Let $c$ be a positive real number for which the equation
$x^4-x^3+x^2-(c+1)x-(c^2+c)=0$ has a real root $\alpha$. Prove that $c=\alpha ^2 - \alpha$
I tried to to solve using relation between roots and coefficients but unable to progress much. Please help.
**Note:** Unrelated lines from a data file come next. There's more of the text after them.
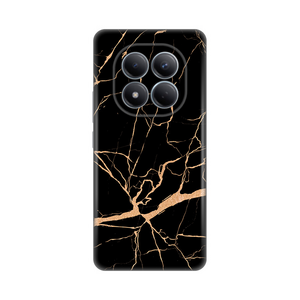 Silikonska maska / futrola print za Xiaomi Redmi Note 15 Pro 4G All crni.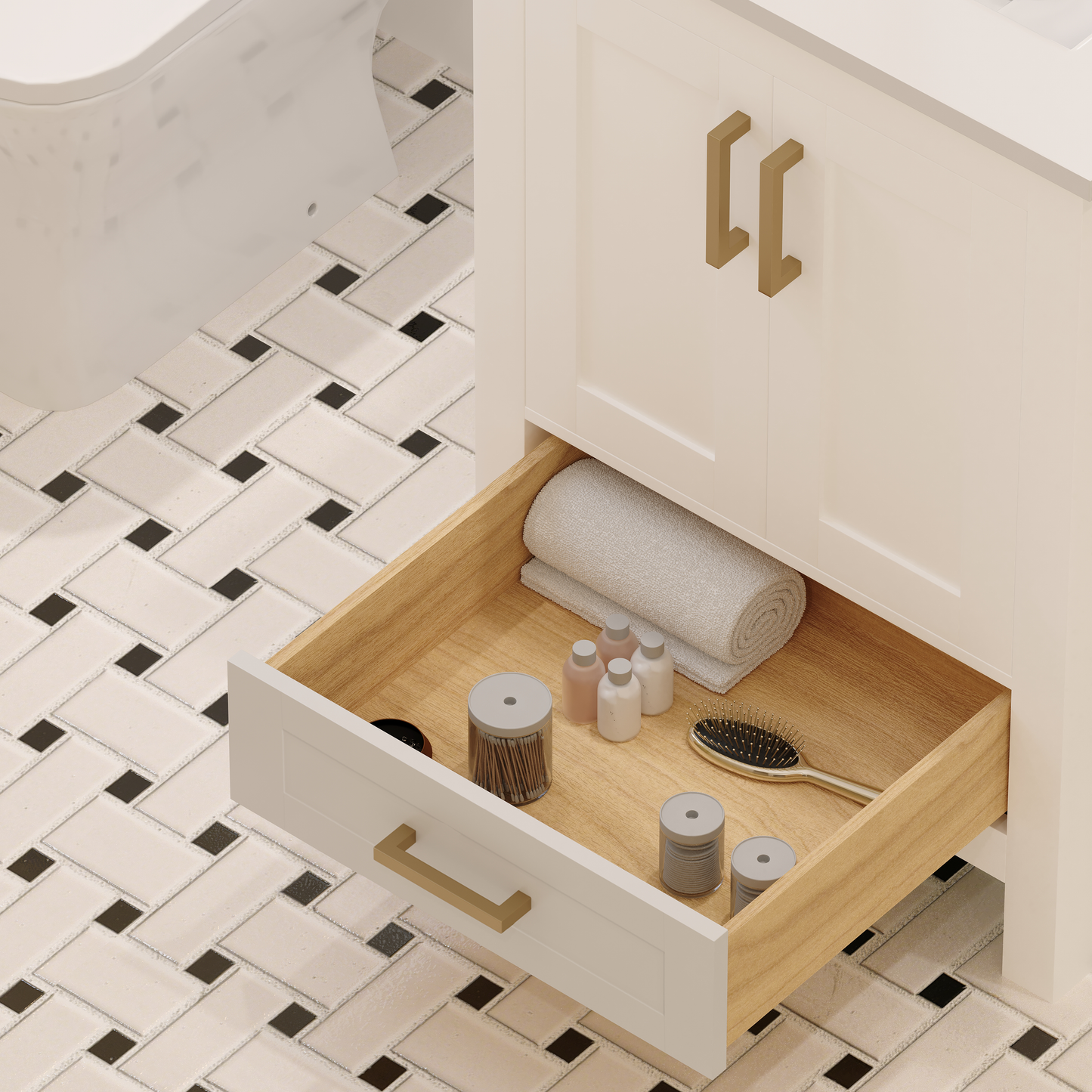 Rooh Bathroom Vanity 24 "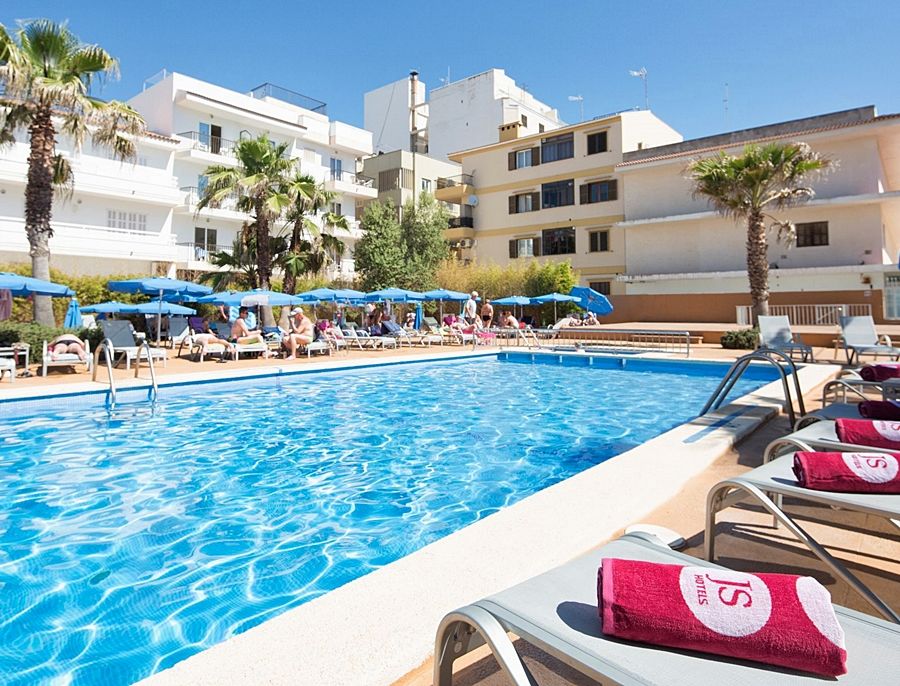 Hotel Js Sol De Picafort - Adults Only
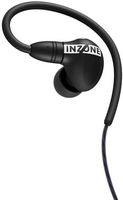 Sony - INZONE E9 Wired In-Ear Monitor for Gaming - Black - Left View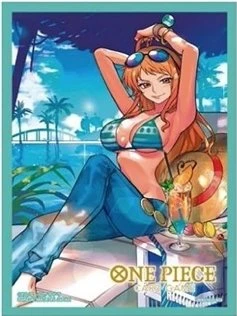 One Piece Card Game Sleeves: Set 4 - Nami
Thanks in advance.

Answer 1

Direct substitution with $\alpha=x$ and $c=x^2-x$ leads to.

$x^4-x^3+x^2-x(x^2-x+1)-((x^2-x)^2+x^2-x)$

$=(1-1)x^4+(2-2)x^3+(2-2)x^2+(1-1)x=0$

Answer 2

As per reading your comments, you have got that $x^2-x-c=0$.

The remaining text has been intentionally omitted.